Por outro lado, também a hipótese de que os princípios anteriores não eram positivos ou afirmativos é equivocada. Primeiro, porque já havia expressas previsões constitucionais, por exemplo, de que os tributos deveriam ser divididos de modo equitativo (e, nesse sentido, justo) por meio da capacidade contributiva na maior medida possível (art. 145, § 1º) e de que a construção de uma sociedade solidária, especialmente para fins de distribuição dos custos da seguridade social era um objetivo a ser perseguido (arts. 3º, inciso I, e 195, caput). Tais dispositivos, implicitamente, buscam a promoção de um sistema tributário justo e, nessa linha, são exatamente princípios positivos e afirmativos no sentido adotado por essa corrente doutrinária defensora dessa dicotomia.

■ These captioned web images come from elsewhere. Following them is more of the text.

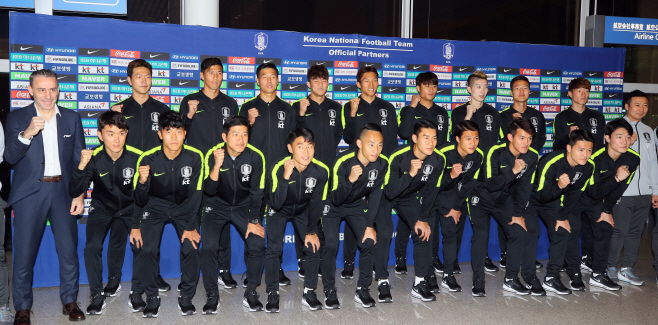 호주 원정 평가전 떠나는 축구대표팀<YONHAP NO-5668>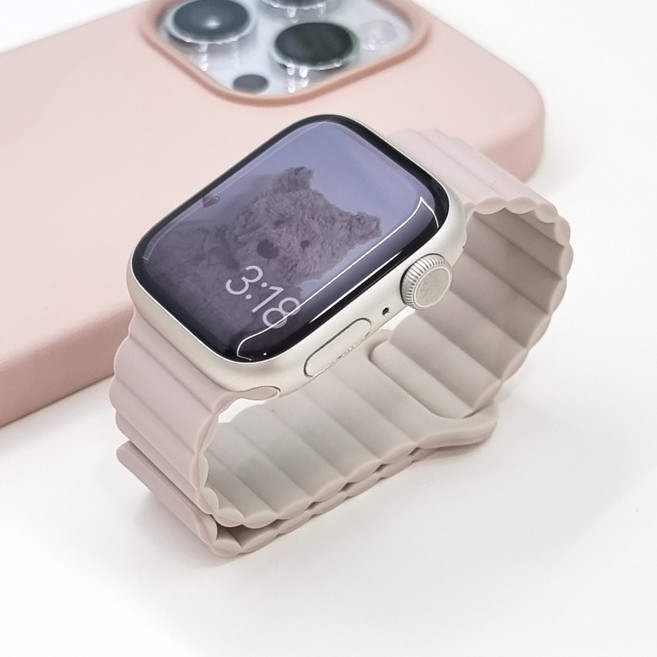 영스피플 애플워치 호환 마그네틱 실리콘 스트랩 10 9 8 7 se2 밴드 40 41 44 45 49, 42/44/45mm, 핑크스타라이트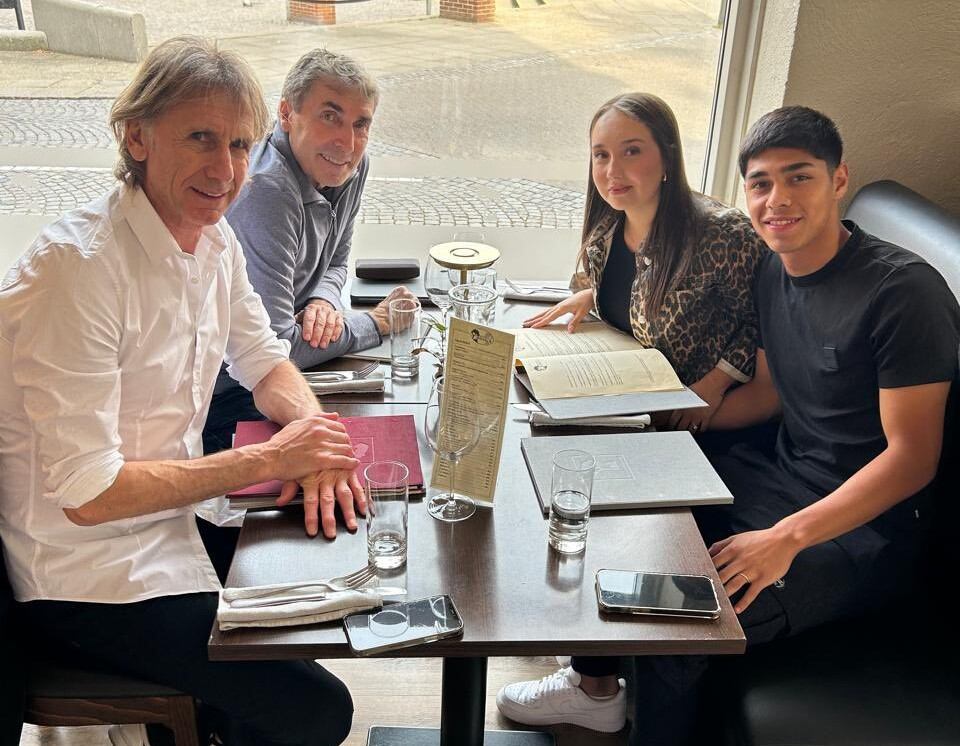 Ricardo Gareca se reunió con Darío Osorio en Dinamarca | X: La Roja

Segundo, essa argumentação parece partir da premissa de que as garantias constantes do art. 150 da Constituição não poderiam ser qualificadas como princípios, mas sim como regras negativas. Trata-se de postura já defendida por Greco: “legalidade, anterioridade, irretroatividade e vedação ao confisco, não são princípios, não só em razão do seu conteúdo negativo, inibidor ao exercício do poder de tributar, como também porque a própria Constituição os considera limitações ao poder e não princípios informadores do seu exercício”17. Legalidade, portanto, não seria um princípio, primeiro, porque princípios seriam diretrizes positivas que apontam algo desejado pelo ordenamento e que o constituinte quer ver alcançado, e, segundo, porque a Constituição a incluiu em um capítulo chamado “Limitações ao Poder de Tributar” e não de Princípios Tributários. Novamente, os argumentos não convencem.

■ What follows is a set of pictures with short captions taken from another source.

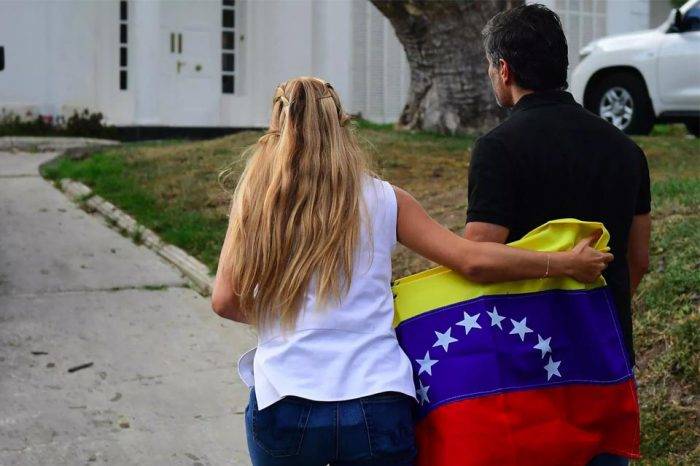 Leopoldo López cumple seis meses en la embajada de España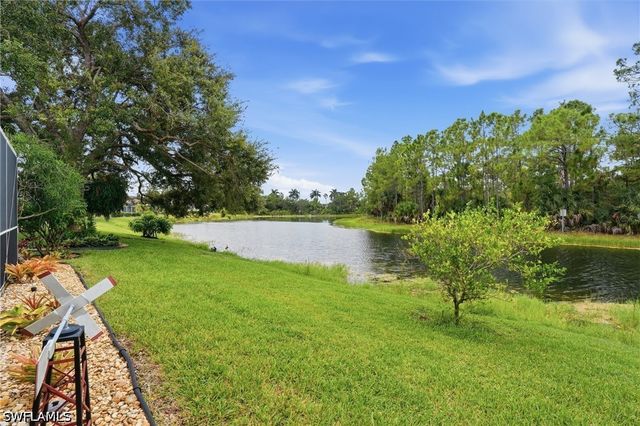 5253 Whitten DR, Naples, FL 34104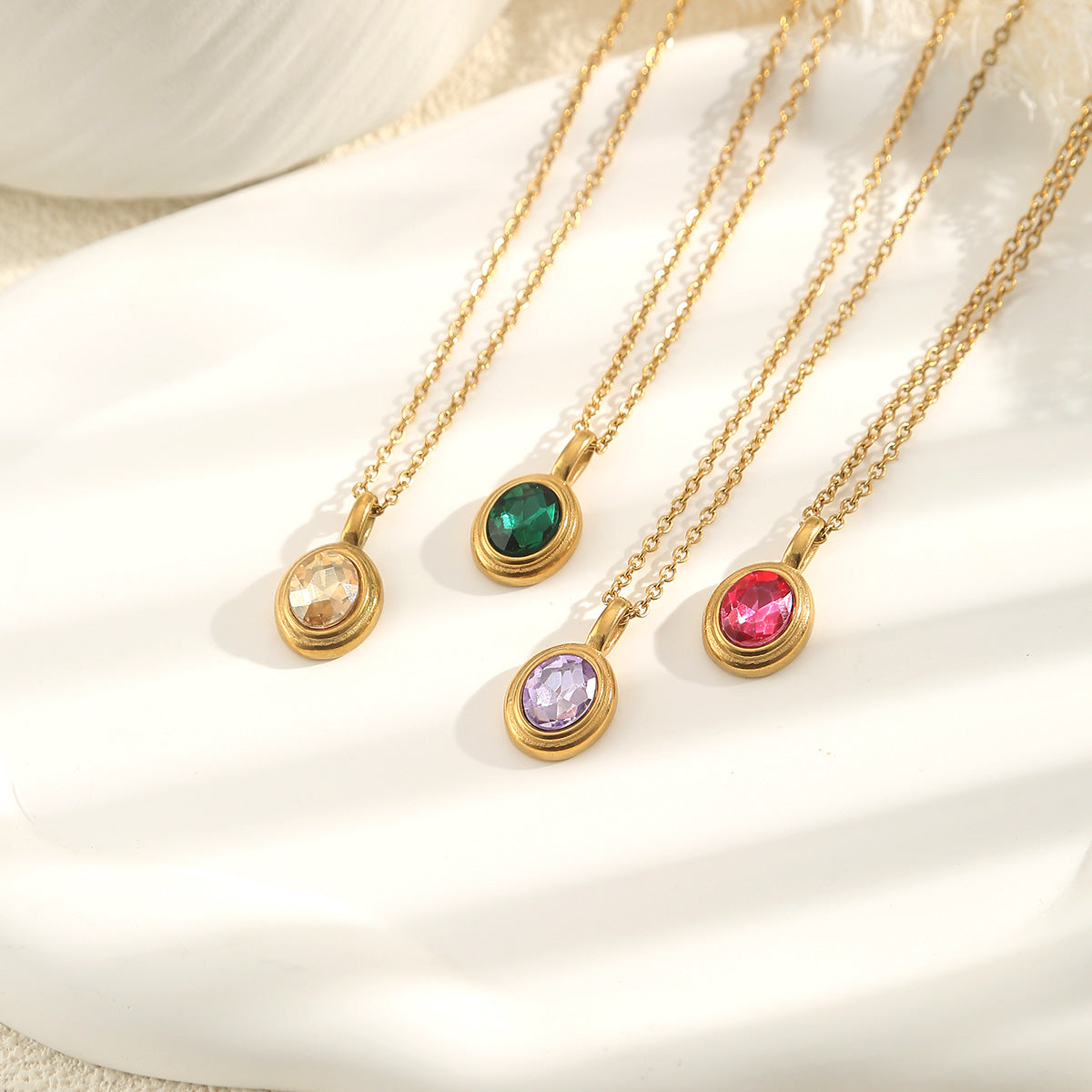 Stainless Steel French Style Ins Style Retro Oval Gem Necklace Women's Titanium Steel Light Luxury Niche Design Clavicle Chain
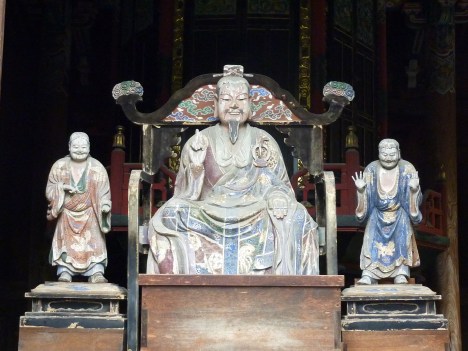 29 - Statues chinoises dans un temple voisin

Nada obstante se reconheça a importância da discussão doutrinária sobre a diferença entre regras e princípios e os vários critérios utilizados para diferenciar entre essas espécies normativas, adota-se neste trabalho a diferenciação proposta por Ávila e Barberis: de um lado, as regras são normas imediatamente descritivas, primariamente retrospectivas e com pretensão de decidibilidade e abrangência, para cuja aplicação se exige a avaliação da correspondência; de outro lado, os princípios são normas imediatamente finalísticas, primariamente prospectivas e com pretensão de complementariedade e de parcialidade, para cuja aplicação se demanda uma avaliação de correlação entre o estado de coisas a ser promovido e os efeitos da conduta18. Os princípios mantêm uma relação recíproca profunda e diferenciada, especialmente determinada por meio de sua função19. Por isso, menciona-se a aptidão dos princípios de produzir efeitos em diferentes níveis e funções, que pode ser qualificada como a sua função eficacial20.

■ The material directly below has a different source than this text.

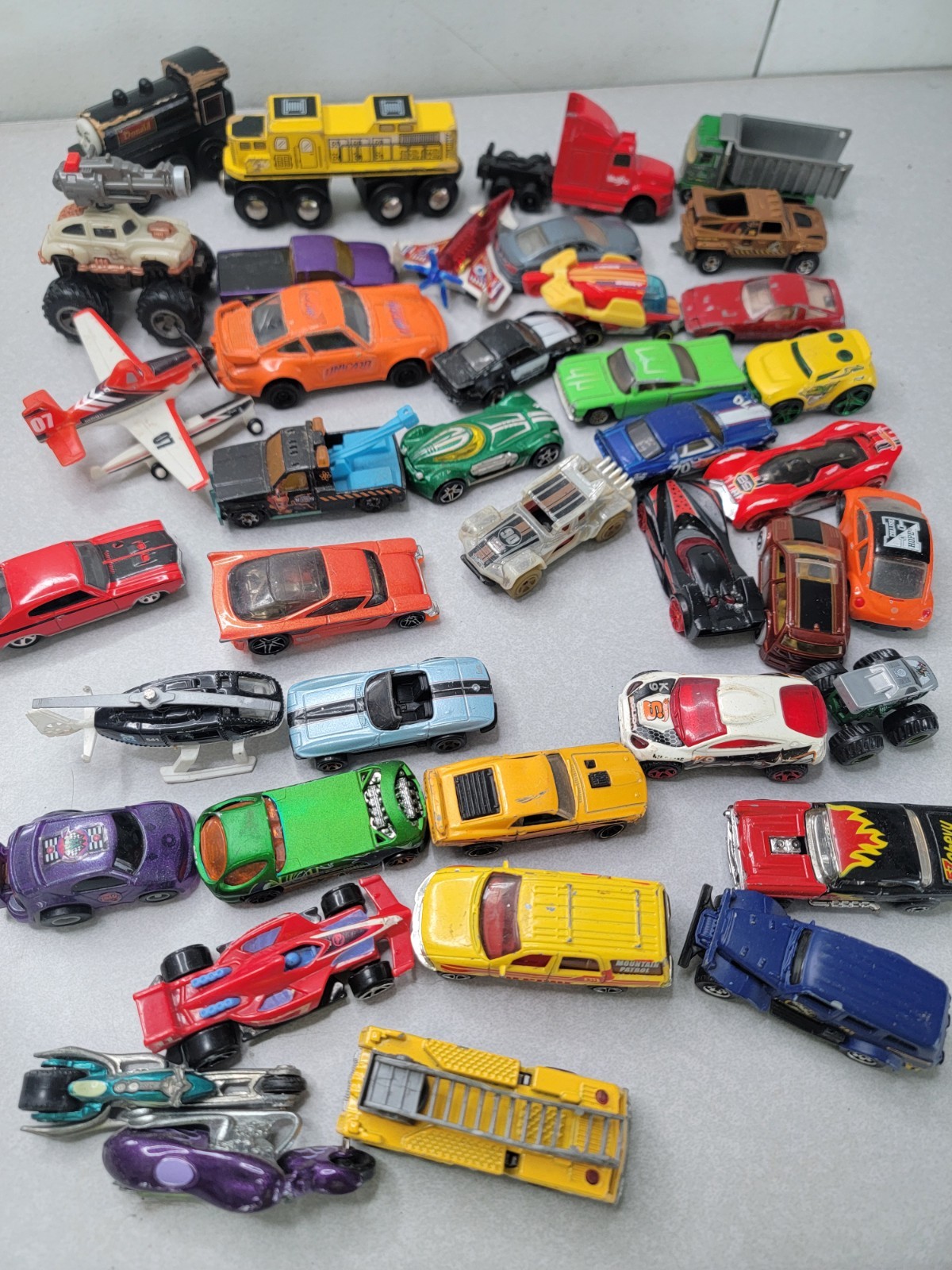 Matchbox Hot Wheels Cars Mixed Lot 90s to Current Die Cast Trucks Planes Used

Pois bem, a partir dessa definição, é preciso reconhecer que a legalidade se enquadra perfeitamente no conceito utilizado por Greco para definir princípio, no sentido de “diretriz positiva que aponta para promoção de finalidades desejadas pelo constituinte”. A legalidade é uma diretriz positiva que aponta para a promoção dos ideais de previsibilidade e de calculabilidade, além de assegurar os direitos de liberdade e de instrumentalizar a igualdade, sendo uma decorrência direta da própria aplicação dos sobreprincípios do Estado de Direito e da segurança jurídica21. Considerar a legalidade como uma mera norma negativa de limitação, tal qual defendido pelo autor, significa, na prática, ignorar os aspectos materiais de um Estado de Direito e as garantias ínsitas que a legalidade traz à promoção de valores materiais e não meramente formais. Mas, mais do que isso: a defesa deste entendimento com base na localização topográfica da legalidade na Constituição é, ao mesmo tempo, equivocada e inverídica. Equivocada, porque o nome conferido pelo constituinte não tem qualquer relevância para definir a natureza de regra, princípio ou postulado dos valores ali contidos, mas sim as funções atribuídas pela Constituição a cada uma dessas normas. E, inverídica, porque a legalidade não se resume à expressa menção do art. 150, inciso I, permeando na verdade todo texto constitucional a partir de menções diretas, como o fato de que a legalidade foi expressamente definida como um princípio e uma garantia fundamental dos cidadãos no Estado brasileiro pelo art. 5º, e indiretas, a partir da instituição de um Estado Democrático de Direito, por exemplo.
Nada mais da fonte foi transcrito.